From my evaluation it is clear current users of EnSolv® can continue to use the solvent and equipment or if still if using TRIKE you can make the change to EnSolv® in a day. A decision has to be made quickly as the “sunset date” after which TRIKE will not be available for industrial use without auyhorisation in the EU was April 2016 but you can substitute with only minor changes to control settings on equipment. The legislation regarding the use of nPB may change in the future but if this happens you will have at least 3 years to decide on the alternative so the savings in solvent costs over this period will be considerable compared to alternative materials.
Why am I so certain that EnSolv® is the ONLY realistic alternative to TRIKE?
Because it has a boiling point high enough to generate sufficient condensate to ensure proper cleaning, it is not flammable, it has a very high solvency and it is established as completely stable over the last 20 years use in the UK and USA.
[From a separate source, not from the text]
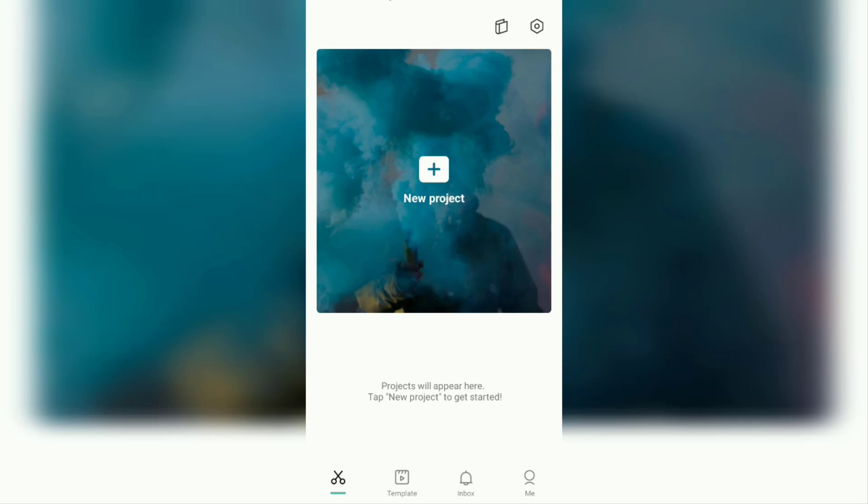You can rely on one of the free video editing apps called CapCut or what was previously known as Viamaker. Okay, without the need to linger any longer, let's just go to the tutorial on how to add a video background in CapCut application.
Most of the fluorocarbon solvent formulations are based on trans 1.2 dichloroethene, a close relation to trichloroethylene but which is very, very highly flammable with very low flash point of 2°C. It is a good solvent for oils, greases and other soils and is relatively cheap so complements the fluorocarbon solvents which definitely aren’t. The extremely expensive fluorocarbons solvents represent only a small percentage of the formulations and used only as flame suppressants as they have little solvent power.
To suggest Fluorocarbons can be used in vapour degreasing is being economical with the truth or very naive. Vapour degreasing works using the differential in temperature between parts to be cleaned and the solvent vapour temperature. This differential allows solvent vapour to condense and the liquid removes the oils and soil on the surface of the parts. The differentials at average ambient temperature for Trike is 69°C for EnSolv® 53°C but for fluorocarbons vary between 23/29°C. Condensation will only occur while the surface temperature of parts is less than that of the vapour. Certainly during the warmer months it is clear that the volume of condensed liquid from fluorocarbons will not be sufficient to properly clean parts being less than 50% of that generated from EnSolv®. The KB value, a standard indication of solvent power, is also very much lower which further aggravates the situation.
In preparing this evaluation it is clear that many users are uncertain of the complex and inter related legislation which surrounds the use of these chemicals so I have added a short section on each for clarity.
REACH is the classification system for chemicals now used in Europe regulated by the ECHA (European Chemicals Agency. EnSolv® is based on n- Propyl bromide (nPB), which was added to the REACH Candidate List of Substances of Very High Concern (SHVC) in December 2012. This description SVHC is often misunderstood and will be misinterpreted by many suppliers of alternative solvents based on fluorocarbon formulations and other exotic mixtures, implying the use of EnSolv® (nPB) is subject to immediate restrictions on its usage, when offering these products. This is not the case, as you will see from the detailed explanation below, you can be assured that you can continue to use nPB now, and subject to authorisation, into the foreseeable future.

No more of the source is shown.